= INPUT MATERIAL =
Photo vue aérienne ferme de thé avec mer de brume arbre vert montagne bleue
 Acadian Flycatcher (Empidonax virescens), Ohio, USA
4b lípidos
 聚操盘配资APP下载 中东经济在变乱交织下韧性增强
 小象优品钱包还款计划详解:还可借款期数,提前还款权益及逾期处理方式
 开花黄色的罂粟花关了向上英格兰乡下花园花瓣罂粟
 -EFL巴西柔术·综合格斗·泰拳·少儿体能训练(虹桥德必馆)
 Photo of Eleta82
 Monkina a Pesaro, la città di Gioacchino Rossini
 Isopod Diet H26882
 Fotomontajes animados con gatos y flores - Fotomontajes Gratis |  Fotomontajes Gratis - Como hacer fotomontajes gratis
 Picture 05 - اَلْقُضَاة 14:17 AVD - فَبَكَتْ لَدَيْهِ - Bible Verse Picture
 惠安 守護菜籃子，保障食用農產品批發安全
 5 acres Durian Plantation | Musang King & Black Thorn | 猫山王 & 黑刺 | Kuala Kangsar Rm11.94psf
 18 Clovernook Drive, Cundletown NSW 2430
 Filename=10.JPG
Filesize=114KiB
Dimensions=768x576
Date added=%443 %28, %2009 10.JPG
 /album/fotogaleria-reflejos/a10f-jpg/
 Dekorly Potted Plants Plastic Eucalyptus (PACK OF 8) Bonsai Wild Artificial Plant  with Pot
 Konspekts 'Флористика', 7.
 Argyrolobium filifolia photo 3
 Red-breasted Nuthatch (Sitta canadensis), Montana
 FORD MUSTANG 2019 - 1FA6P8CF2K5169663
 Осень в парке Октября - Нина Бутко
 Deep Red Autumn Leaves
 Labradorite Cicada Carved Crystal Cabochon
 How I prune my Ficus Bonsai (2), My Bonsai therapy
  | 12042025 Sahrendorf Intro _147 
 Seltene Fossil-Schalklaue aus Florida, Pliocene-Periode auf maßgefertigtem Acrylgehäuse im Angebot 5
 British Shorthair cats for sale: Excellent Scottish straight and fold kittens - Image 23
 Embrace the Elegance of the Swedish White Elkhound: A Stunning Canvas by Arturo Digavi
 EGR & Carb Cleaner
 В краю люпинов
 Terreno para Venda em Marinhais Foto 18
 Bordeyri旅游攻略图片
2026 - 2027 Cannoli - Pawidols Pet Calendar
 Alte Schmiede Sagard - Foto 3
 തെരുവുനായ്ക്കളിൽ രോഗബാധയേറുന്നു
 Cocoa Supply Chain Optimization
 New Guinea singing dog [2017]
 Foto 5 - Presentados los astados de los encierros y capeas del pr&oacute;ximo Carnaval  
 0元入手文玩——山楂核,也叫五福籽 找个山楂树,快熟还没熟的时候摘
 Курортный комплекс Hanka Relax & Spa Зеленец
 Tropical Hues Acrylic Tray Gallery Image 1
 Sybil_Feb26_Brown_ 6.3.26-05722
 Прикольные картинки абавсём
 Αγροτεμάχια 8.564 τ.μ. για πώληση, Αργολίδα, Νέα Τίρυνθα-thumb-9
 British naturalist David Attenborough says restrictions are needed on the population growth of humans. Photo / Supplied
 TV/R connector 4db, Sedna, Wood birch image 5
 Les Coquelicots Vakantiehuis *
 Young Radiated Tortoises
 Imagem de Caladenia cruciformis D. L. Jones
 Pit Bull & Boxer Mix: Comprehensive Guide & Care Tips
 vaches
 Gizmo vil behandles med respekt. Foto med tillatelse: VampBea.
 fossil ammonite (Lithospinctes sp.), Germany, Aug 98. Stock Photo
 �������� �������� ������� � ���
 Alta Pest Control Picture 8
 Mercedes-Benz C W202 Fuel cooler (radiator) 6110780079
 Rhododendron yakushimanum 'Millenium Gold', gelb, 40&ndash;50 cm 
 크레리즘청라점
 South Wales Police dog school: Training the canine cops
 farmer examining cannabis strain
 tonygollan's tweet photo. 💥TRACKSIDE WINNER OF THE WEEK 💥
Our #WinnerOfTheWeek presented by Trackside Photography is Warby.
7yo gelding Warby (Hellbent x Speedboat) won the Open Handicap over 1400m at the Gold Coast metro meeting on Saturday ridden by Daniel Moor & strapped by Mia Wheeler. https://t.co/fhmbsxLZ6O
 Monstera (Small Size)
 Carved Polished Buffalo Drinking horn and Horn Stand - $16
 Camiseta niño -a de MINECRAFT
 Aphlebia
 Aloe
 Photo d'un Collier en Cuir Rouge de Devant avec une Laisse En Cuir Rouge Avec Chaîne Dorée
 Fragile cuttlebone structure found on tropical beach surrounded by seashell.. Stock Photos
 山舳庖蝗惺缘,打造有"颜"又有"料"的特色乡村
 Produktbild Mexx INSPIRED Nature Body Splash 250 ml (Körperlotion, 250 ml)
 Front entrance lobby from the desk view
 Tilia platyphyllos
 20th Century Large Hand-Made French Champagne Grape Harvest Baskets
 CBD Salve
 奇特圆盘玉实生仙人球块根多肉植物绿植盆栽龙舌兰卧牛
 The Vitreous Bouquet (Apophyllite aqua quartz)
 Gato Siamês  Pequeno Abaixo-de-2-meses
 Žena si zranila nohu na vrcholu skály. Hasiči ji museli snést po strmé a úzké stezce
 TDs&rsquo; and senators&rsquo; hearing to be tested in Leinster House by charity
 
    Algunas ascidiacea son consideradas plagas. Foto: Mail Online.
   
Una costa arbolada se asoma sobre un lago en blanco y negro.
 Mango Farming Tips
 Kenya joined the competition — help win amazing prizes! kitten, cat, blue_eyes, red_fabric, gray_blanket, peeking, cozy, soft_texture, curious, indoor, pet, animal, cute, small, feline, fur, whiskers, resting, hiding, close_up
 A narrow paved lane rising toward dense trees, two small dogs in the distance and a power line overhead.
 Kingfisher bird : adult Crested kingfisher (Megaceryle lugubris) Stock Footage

= AIM OF THE EXERCISE =
Restate the full listing word for word, leaving out nothing.

= ANSWER TO THIS TASK =
Photo vue aérienne ferme de thé avec mer de brume arbre vert montagne bleue
 Acadian Flycatcher (Empidonax virescens), Ohio, USA
4b lípidos
 聚操盘配资APP下载 中东经济在变乱交织下韧性增强
 小象优品钱包还款计划详解:还可借款期数,提前还款权益及逾期处理方式
 开花黄色的罂粟花关了向上英格兰乡下花园花瓣罂粟
 -EFL巴西柔术·综合格斗·泰拳·少儿体能训练(虹桥德必馆)
 Photo of Eleta82
 Monkina a Pesaro, la città di Gioacchino Rossini
 Isopod Diet H26882
 Fotomontajes animados con gatos y flores - Fotomontajes Gratis |  Fotomontajes Gratis - Como hacer fotomontajes gratis
 Picture 05 - اَلْقُضَاة 14:17 AVD - فَبَكَتْ لَدَيْهِ - Bible Verse Picture
 惠安 守護菜籃子，保障食用農產品批發安全
 5 acres Durian Plantation | Musang King & Black Thorn | 猫山王 & 黑刺 | Kuala Kangsar Rm11.94psf
 18 Clovernook Drive, Cundletown NSW 2430
 Filename=10.JPG
Filesize=114KiB
Dimensions=768x576
Date added=%443 %28, %2009 10.JPG
 /album/fotogaleria-reflejos/a10f-jpg/
 Dekorly Potted Plants Plastic Eucalyptus (PACK OF 8) Bonsai Wild Artificial Plant  with Pot
 Konspekts 'Флористика', 7.
 Argyrolobium filifolia photo 3
 Red-breasted Nuthatch (Sitta canadensis), Montana
 FORD MUSTANG 2019 - 1FA6P8CF2K5169663
 Осень в парке Октября - Нина Бутко
 Deep Red Autumn Leaves
 Labradorite Cicada Carved Crystal Cabochon
 How I prune my Ficus Bonsai (2), My Bonsai therapy
  | 12042025 Sahrendorf Intro _147 
 Seltene Fossil-Schalklaue aus Florida, Pliocene-Periode auf maßgefertigtem Acrylgehäuse im Angebot 5
 British Shorthair cats for sale: Excellent Scottish straight and fold kittens - Image 23
 Embrace the Elegance of the Swedish White Elkhound: A Stunning Canvas by Arturo Digavi
 EGR & Carb Cleaner
 В краю люпинов
 Terreno para Venda em Marinhais Foto 18
 Bordeyri旅游攻略图片
2026 - 2027 Cannoli - Pawidols Pet Calendar
 Alte Schmiede Sagard - Foto 3
 തെരുവുനായ്ക്കളിൽ രോഗബാധയേറുന്നു
 Cocoa Supply Chain Optimization
 New Guinea singing dog [2017]
 Foto 5 - Presentados los astados de los encierros y capeas del pr&oacute;ximo Carnaval  
 0元入手文玩——山楂核,也叫五福籽 找个山楂树,快熟还没熟的时候摘
 Курортный комплекс Hanka Relax & Spa Зеленец
 Tropical Hues Acrylic Tray Gallery Image 1
 Sybil_Feb26_Brown_ 6.3.26-05722
 Прикольные картинки абавсём
 Αγροτεμάχια 8.564 τ.μ. για πώληση, Αργολίδα, Νέα Τίρυνθα-thumb-9
 British naturalist David Attenborough says restrictions are needed on the population growth of humans. Photo / Supplied
 TV/R connector 4db, Sedna, Wood birch image 5
 Les Coquelicots Vakantiehuis *
 Young Radiated Tortoises
 Imagem de Caladenia cruciformis D. L. Jones
 Pit Bull & Boxer Mix: Comprehensive Guide & Care Tips
 vaches
 Gizmo vil behandles med respekt. Foto med tillatelse: VampBea.
 fossil ammonite (Lithospinctes sp.), Germany, Aug 98. Stock Photo
 �������� �������� ������� � ���
 Alta Pest Control Picture 8
 Mercedes-Benz C W202 Fuel cooler (radiator) 6110780079
 Rhododendron yakushimanum 'Millenium Gold', gelb, 40&ndash;50 cm 
 크레리즘청라점
 South Wales Police dog school: Training the canine cops
 farmer examining cannabis strain
 tonygollan's tweet photo. 💥TRACKSIDE WINNER OF THE WEEK 💥
Our #WinnerOfTheWeek presented by Trackside Photography is Warby.
7yo gelding Warby (Hellbent x Speedboat) won the Open Handicap over 1400m at the Gold Coast metro meeting on Saturday ridden by Daniel Moor & strapped by Mia Wheeler. https://t.co/fhmbsxLZ6O
 Monstera (Small Size)
 Carved Polished Buffalo Drinking horn and Horn Stand - $16
 Camiseta niño -a de MINECRAFT
 Aphlebia
 Aloe
 Photo d'un Collier en Cuir Rouge de Devant avec une Laisse En Cuir Rouge Avec Chaîne Dorée
 Fragile cuttlebone structure found on tropical beach surrounded by seashell.. Stock Photos
 山舳庖蝗惺缘,打造有"颜"又有"料"的特色乡村
 Produktbild Mexx INSPIRED Nature Body Splash 250 ml (Körperlotion, 250 ml)
 Front entrance lobby from the desk view
 Tilia platyphyllos
 20th Century Large Hand-Made French Champagne Grape Harvest Baskets
 CBD Salve
 奇特圆盘玉实生仙人球块根多肉植物绿植盆栽龙舌兰卧牛
 The Vitreous Bouquet (Apophyllite aqua quartz)
 Gato Siamês  Pequeno Abaixo-de-2-meses
 Žena si zranila nohu na vrcholu skály. Hasiči ji museli snést po strmé a úzké stezce
 TDs&rsquo; and senators&rsquo; hearing to be tested in Leinster House by charity
 
    Algunas ascidiacea son consideradas plagas. Foto: Mail Online.
   
Una costa arbolada se asoma sobre un lago en blanco y negro.
 Mango Farming Tips
 Kenya joined the competition — help win amazing prizes! kitten, cat, blue_eyes, red_fabric, gray_blanket, peeking, cozy, soft_texture, curious, indoor, pet, animal, cute, small, feline, fur, whiskers, resting, hiding, close_up
 A narrow paved lane rising toward dense trees, two small dogs in the distance and a power line overhead.
 Kingfisher bird : adult Crested kingfisher (Megaceryle lugubris) Stock Footage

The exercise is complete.